The volume of the home has been divided into three rooms. A small courtyard separates each area, putting the living room at the front, the kitchen/dining area in the middle, and a bedroom/bathroom in an extension at the back of the house.
The rough but sophisticated look of the home is what makes it so unique. There are walls with peeling plaster, exposing the brick beneath, sitting next to designer furniture and accessories.
The two courtyards receive large amounts of sunlight each day, brightening up the home and creating inviting spaces that are at once indoors and outdoors. The courtyards also serve to separate yet connect the different areas of the home.
To preserve part of the home’s heritage as a worker’s cottage, the architects decided to leave the street facade the way it was. It is the smallest house on the street, but once inside it is obvious that this tiny home has huge personality. The owner wanted an uncomplicated home, and he got just that with the stylishly rough and raw surfaces found throughout the house.

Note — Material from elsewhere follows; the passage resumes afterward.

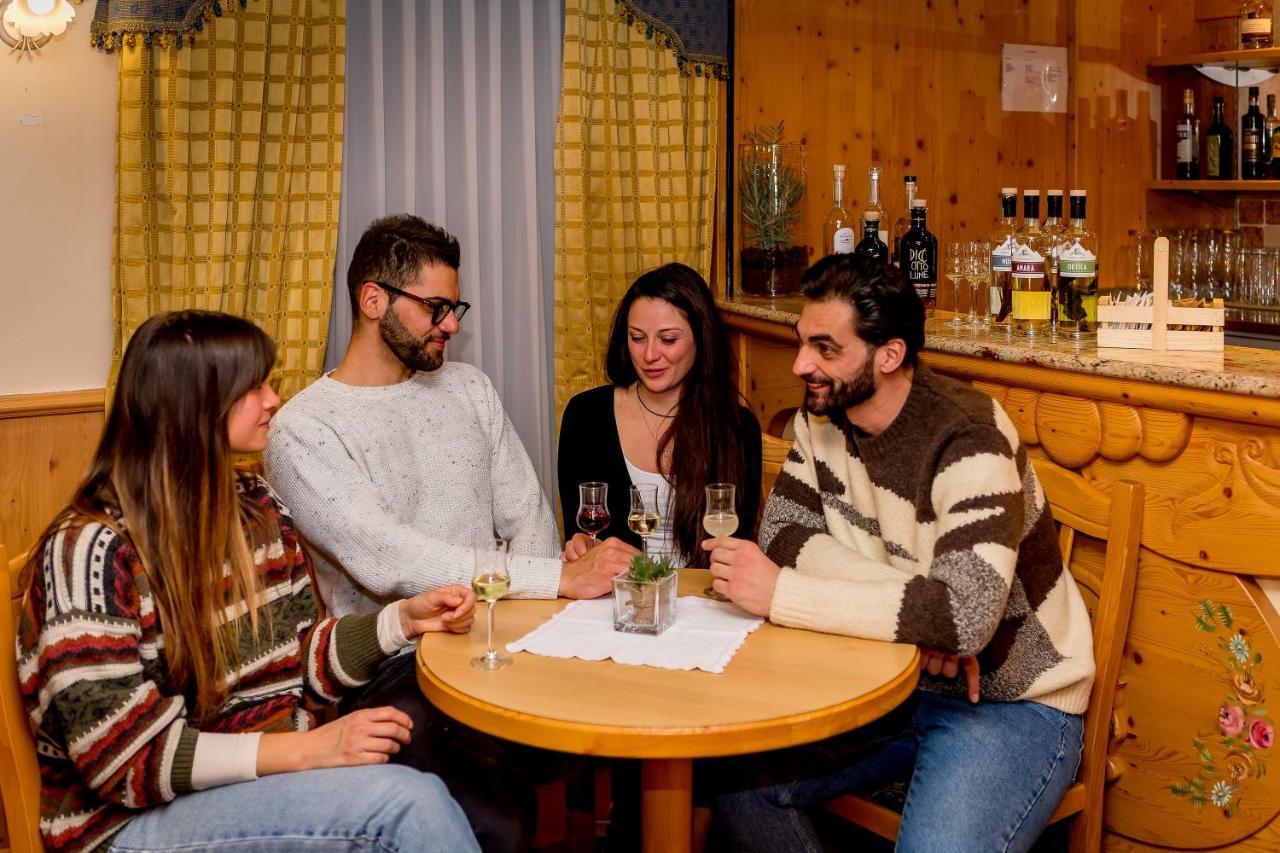 Albergo Dimaro Wellness Hotel Bagian luar foto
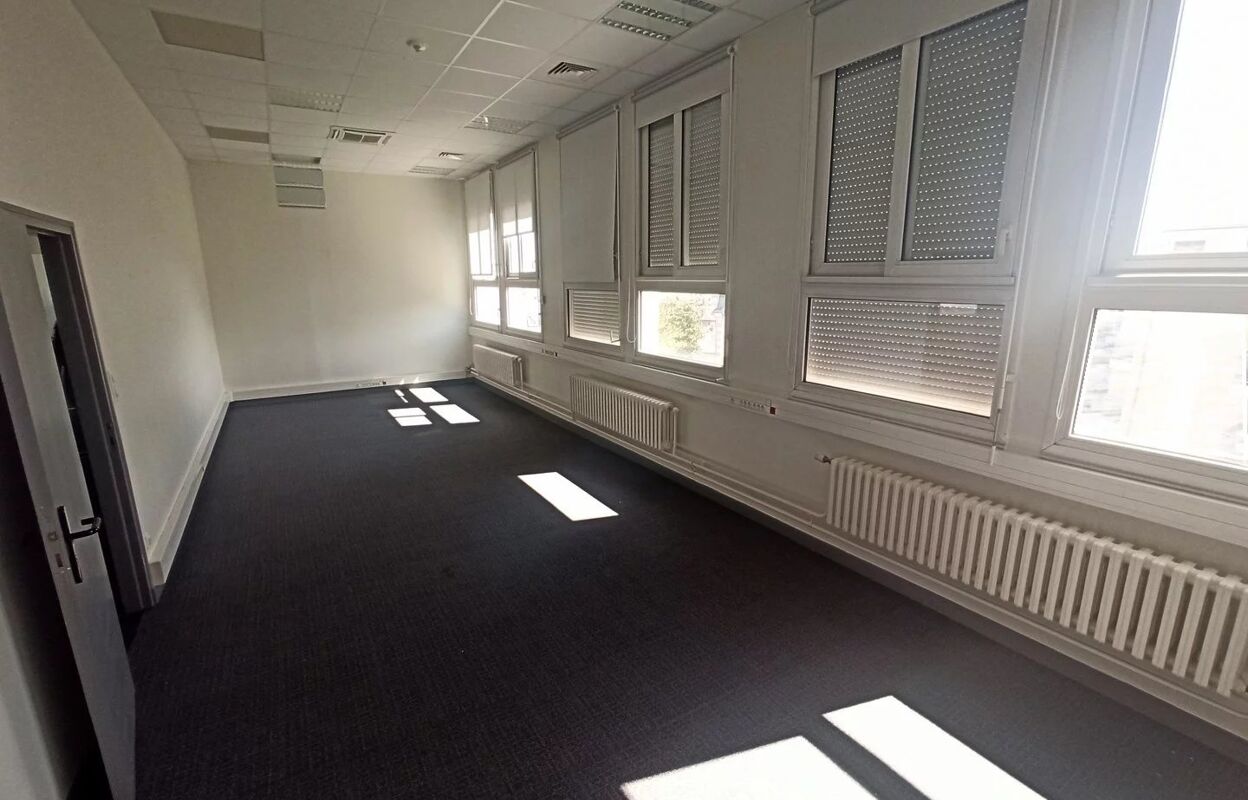 bureau  pièces 102 m2 à vendre à Limoges (87000)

“The smallest house on the street, renovation of a workers cottage in Fitzroy Retaining the existing street frontage and primary living areas whilst fragmenting the building addition beyond. Creating courtyards which serve to separate yet connect the functions for living. A collection of raw and untreated finishes creating a grit that compliments the owners desire for an uncomplicated living arrangement.”
“Echoes of the homes history are reflected in discreetly choreographed gold panels located throughout the space. An abundance of natural light refracting off the all white interiors create a sense of the ethereal, an otherworldly environment hidden amongst the urban grain.”